**PROMPT**: Below are records; count how many of their lines contain the string "dress", and give only that number.

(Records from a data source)
☆ ☆ ☆

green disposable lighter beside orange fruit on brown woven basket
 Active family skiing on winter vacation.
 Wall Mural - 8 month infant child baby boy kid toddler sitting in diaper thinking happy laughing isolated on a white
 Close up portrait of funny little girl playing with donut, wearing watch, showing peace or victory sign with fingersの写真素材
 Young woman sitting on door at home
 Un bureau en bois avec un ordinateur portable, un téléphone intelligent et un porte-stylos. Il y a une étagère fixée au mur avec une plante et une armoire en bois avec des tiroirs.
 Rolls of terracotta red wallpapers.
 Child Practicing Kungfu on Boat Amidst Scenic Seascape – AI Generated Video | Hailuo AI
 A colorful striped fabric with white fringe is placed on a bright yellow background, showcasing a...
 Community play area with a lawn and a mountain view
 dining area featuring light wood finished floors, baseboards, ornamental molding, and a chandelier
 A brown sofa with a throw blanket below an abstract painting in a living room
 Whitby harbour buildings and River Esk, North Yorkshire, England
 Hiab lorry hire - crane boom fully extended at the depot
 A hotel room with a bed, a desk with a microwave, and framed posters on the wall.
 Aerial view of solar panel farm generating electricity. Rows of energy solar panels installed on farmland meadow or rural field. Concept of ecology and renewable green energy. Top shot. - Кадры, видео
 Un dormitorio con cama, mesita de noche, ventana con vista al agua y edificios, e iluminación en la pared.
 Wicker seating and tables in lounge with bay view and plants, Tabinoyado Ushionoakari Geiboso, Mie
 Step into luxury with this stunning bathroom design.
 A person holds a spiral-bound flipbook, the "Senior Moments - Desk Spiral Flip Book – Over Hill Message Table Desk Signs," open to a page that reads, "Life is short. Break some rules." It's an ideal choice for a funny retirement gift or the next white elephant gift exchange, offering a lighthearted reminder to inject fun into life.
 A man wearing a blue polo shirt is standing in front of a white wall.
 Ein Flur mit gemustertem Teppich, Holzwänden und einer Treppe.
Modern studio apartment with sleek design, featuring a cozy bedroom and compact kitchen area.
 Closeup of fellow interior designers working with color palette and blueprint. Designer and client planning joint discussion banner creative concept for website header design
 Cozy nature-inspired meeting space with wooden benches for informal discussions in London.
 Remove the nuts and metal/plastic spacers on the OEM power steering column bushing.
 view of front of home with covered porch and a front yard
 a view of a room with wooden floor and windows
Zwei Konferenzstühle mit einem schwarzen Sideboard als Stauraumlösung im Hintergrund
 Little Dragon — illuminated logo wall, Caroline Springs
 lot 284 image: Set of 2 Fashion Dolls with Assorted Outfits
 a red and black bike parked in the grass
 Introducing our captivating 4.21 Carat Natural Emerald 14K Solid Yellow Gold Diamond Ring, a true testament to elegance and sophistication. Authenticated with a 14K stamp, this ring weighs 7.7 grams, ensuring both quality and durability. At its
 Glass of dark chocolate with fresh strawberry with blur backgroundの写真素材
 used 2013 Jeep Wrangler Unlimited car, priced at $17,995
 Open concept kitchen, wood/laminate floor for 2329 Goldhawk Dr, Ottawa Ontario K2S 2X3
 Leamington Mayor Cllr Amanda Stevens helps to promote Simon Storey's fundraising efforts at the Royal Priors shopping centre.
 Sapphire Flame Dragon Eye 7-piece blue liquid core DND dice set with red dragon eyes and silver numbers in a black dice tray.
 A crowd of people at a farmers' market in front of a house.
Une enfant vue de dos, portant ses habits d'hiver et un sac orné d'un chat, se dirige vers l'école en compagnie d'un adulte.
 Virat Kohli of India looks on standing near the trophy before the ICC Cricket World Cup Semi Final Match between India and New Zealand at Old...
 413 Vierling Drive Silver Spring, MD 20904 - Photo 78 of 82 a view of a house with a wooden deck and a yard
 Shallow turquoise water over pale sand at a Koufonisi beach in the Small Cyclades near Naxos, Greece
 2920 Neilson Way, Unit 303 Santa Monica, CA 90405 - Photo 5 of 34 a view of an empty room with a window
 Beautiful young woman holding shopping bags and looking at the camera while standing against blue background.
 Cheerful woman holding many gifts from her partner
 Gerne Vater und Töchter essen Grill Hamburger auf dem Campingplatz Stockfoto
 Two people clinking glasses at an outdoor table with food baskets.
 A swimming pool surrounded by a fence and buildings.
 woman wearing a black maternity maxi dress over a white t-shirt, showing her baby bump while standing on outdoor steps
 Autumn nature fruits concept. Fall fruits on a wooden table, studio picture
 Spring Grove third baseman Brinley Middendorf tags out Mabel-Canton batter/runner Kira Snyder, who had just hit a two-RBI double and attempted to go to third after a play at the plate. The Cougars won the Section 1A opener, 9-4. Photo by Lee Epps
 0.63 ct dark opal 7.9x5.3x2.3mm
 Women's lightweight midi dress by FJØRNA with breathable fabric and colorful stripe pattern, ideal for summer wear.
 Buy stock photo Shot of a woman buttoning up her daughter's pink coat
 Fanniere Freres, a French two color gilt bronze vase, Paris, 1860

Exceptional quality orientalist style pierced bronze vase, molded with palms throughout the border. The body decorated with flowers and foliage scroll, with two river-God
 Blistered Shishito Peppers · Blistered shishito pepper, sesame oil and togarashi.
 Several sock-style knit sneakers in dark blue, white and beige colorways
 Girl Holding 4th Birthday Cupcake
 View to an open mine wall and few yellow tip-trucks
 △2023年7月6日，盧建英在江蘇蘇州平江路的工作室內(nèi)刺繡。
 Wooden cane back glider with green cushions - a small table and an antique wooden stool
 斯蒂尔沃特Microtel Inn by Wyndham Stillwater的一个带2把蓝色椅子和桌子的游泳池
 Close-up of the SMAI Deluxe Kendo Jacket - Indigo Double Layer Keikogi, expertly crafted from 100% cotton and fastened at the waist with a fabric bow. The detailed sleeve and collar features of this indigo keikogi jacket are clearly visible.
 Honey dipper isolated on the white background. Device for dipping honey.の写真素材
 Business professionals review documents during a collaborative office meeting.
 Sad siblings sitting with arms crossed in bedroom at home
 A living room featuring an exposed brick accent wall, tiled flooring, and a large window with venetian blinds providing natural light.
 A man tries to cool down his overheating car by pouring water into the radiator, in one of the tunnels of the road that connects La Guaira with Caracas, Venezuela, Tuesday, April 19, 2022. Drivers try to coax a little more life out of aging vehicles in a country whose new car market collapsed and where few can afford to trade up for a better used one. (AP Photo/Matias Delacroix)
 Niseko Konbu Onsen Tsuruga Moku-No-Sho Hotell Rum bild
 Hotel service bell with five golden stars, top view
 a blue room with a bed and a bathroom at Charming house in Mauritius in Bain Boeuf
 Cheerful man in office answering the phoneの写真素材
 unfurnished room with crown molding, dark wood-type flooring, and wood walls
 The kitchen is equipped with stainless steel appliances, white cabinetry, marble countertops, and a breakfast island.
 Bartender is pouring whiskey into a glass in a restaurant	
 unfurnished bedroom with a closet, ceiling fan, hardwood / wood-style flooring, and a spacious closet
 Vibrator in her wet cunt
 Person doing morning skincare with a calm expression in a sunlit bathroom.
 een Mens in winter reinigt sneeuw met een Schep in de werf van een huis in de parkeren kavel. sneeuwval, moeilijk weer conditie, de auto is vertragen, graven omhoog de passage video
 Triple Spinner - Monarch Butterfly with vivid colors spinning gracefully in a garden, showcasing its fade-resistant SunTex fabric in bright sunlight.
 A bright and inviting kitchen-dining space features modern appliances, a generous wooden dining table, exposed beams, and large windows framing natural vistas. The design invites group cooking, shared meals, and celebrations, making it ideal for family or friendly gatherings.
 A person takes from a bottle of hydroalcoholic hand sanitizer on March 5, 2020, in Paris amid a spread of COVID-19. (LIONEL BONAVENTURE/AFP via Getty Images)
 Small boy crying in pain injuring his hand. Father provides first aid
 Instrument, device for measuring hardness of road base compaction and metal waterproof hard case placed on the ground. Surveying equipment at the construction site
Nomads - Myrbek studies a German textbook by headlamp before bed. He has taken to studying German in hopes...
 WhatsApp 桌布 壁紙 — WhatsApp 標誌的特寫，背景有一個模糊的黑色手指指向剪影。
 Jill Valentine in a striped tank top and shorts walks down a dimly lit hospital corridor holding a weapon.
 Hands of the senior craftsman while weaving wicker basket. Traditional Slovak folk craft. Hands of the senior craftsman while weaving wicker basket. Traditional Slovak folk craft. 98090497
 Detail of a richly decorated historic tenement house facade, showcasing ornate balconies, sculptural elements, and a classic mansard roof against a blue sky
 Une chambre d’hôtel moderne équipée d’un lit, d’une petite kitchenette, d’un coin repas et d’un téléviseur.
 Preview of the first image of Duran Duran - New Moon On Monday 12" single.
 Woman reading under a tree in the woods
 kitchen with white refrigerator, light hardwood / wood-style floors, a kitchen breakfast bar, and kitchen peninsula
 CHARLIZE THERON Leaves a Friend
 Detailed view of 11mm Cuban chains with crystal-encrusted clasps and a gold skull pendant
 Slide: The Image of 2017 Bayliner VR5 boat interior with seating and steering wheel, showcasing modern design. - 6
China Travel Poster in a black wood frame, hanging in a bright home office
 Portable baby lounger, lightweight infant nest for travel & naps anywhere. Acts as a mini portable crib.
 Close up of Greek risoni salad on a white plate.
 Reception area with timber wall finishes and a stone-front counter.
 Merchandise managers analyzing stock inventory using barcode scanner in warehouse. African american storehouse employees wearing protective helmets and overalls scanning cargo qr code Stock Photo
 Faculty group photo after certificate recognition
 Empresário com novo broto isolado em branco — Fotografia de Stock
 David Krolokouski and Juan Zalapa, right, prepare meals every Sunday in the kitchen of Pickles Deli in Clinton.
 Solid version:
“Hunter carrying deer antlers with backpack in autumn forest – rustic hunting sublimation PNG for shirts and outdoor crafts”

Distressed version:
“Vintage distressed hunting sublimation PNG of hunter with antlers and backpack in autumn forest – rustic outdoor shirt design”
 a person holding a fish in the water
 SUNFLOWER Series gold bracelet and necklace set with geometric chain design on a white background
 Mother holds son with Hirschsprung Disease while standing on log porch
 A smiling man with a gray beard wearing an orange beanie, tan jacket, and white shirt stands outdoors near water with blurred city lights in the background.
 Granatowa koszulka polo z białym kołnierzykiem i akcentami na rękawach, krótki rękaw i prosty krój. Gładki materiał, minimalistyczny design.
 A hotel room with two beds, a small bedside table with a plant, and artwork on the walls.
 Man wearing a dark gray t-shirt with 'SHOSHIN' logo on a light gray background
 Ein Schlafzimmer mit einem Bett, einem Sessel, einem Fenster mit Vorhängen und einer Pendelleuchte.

☆ ☆ ☆

**SOLUTION TO THIS TASK**: 2